What Is Android Oreo? What You Need To Know


Today, Google is launching Android Oreo, the eighth major version of Android. And while it’s more of an evolution than a complete change in operating system, there’s a lot in Oreo that should get attention. Here’s what you need to know about the update.

What’s New In Android Oreo?

The major bit of polish for Oreo that you’ll notice is that it’s been made faster with various performance tweaks. For example, apps have reduced permissions to run in the background, which is good from both a privacy and a speed perspective, and will also extend battery life. That means it’ll boot faster; twice as fast, at least on top of the line Android phones like the Pixel. Google is also building more “light” apps that will load quickly and let you get right to, say, scrolling through Instagram. Most attention-getting, there’s now a picture in picture mode, where you can run two apps at once. So you can Snapchat and play Pokemon Go at the same time. Look, work with us here, that’s all we do on our phones.

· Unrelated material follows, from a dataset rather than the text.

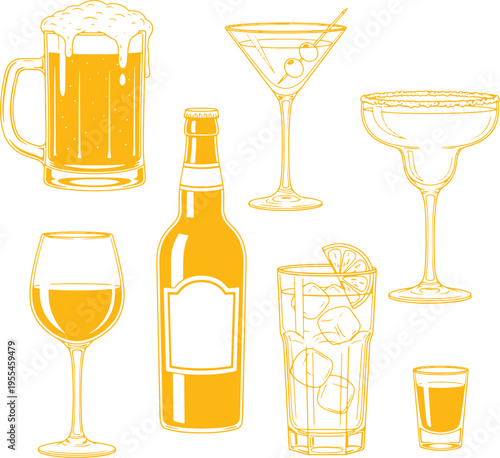 Alcoholic beverage and drink outline collection set isolated over transparent background for your design elements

Notifications can also be snoozed, so if you’re sick of getting the same alert at 3am every day, you can delay it. They can also be bundled into topic-based categories that Google is calling “channels,” so if you get a lot of news notifications, you can put them all in one place.

To dig into the more technical stuff you might notice, Google is also introducing system-wide APIs for autofill and VoIPs apps. In practical terms for users, that means your phone can store your app handles and passwords, much like Chrome does on web browsers, and that you can more easily make voice calls and use call features while screwing around elsewhere on your phone. Oh, also, they redesigned your emoji. Sorry, fans of the the blobs, but it’s back to circles!

When Can I Download Android Oreo?

As usual, Google’s own devices get first crack: The Pixel, Pixel XL, Nexus 5X, Nexus 6P, Nexus Player, and Pixel C will see it “soon,” but if you’re adventurous, know what you’re doing, and own one of those, then you can download it and install it directly from Google. If that’s not you, well, then the bad news is you’ve got a long wait for a release date.

Thanks to the nature of Android, there are dozens of “splinters,” as each phone manufacturer and mobile network creates their own version. Your phone may not be compatible and if it is, it may take months for it to catch up to Google’s devices. Since Oreo has just come out, development teams will be hard at work trying to make it fit on the multitude of phones out there; phones older than a year or two probably won’t get Oreo at all.

So, if you’ve got an upgrade coming, congratulations! If not, well, you’ve got something to look forward to next year?